* **Assignment**
Range to reproduce from the entries below: the line with "Navy Blue Printed Cotton Blouse - Indya", the line with "Men Mitchell &", and every line in between. Give them exactly and give nothing else.

* **Material for this task**
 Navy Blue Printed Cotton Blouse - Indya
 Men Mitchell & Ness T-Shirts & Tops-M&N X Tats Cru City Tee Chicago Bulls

---

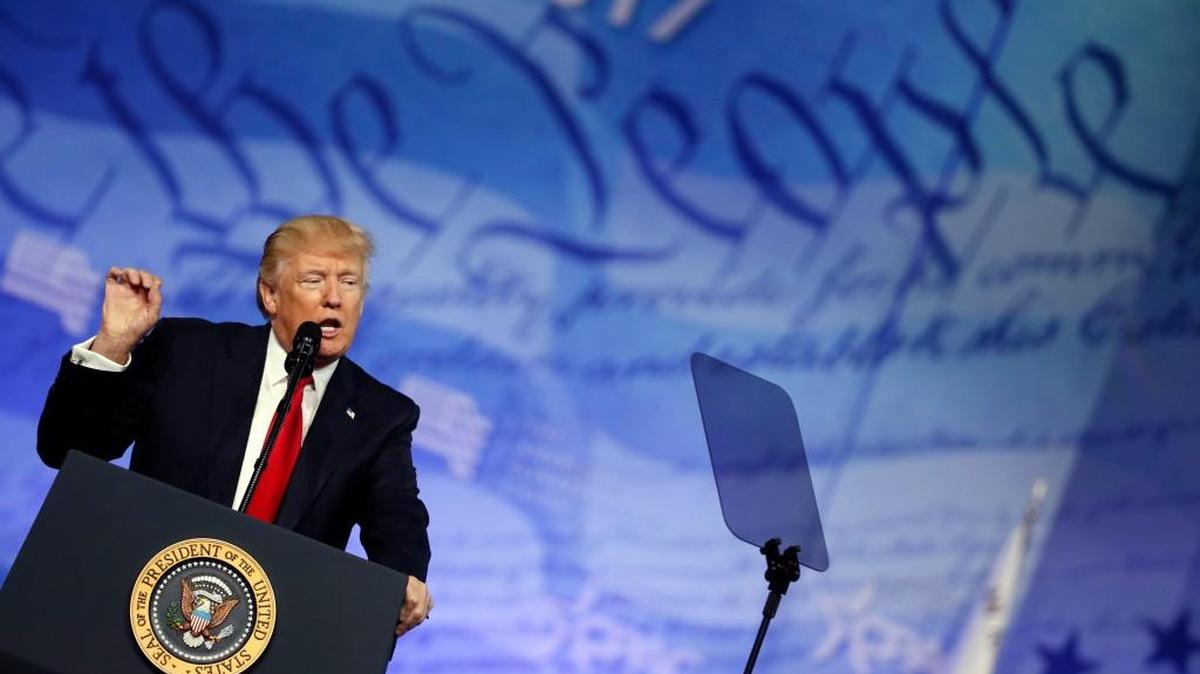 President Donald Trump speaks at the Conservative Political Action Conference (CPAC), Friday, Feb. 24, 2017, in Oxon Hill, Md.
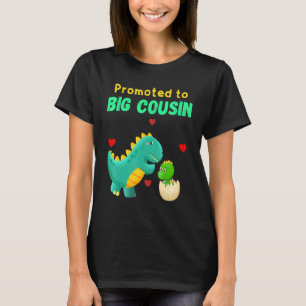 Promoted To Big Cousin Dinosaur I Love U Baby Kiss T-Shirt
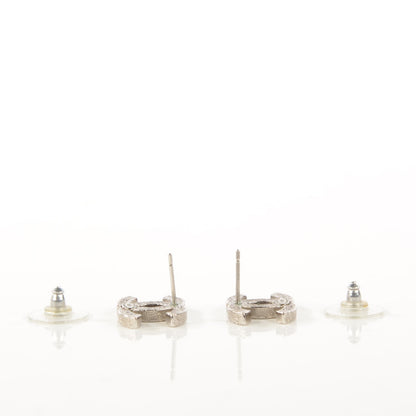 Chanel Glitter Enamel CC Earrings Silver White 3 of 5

* **Completed exercise**
 Navy Blue Printed Cotton Blouse - Indya
 Men Mitchell & Ness T-Shirts & Tops-M&N X Tats Cru City Tee Chicago Bulls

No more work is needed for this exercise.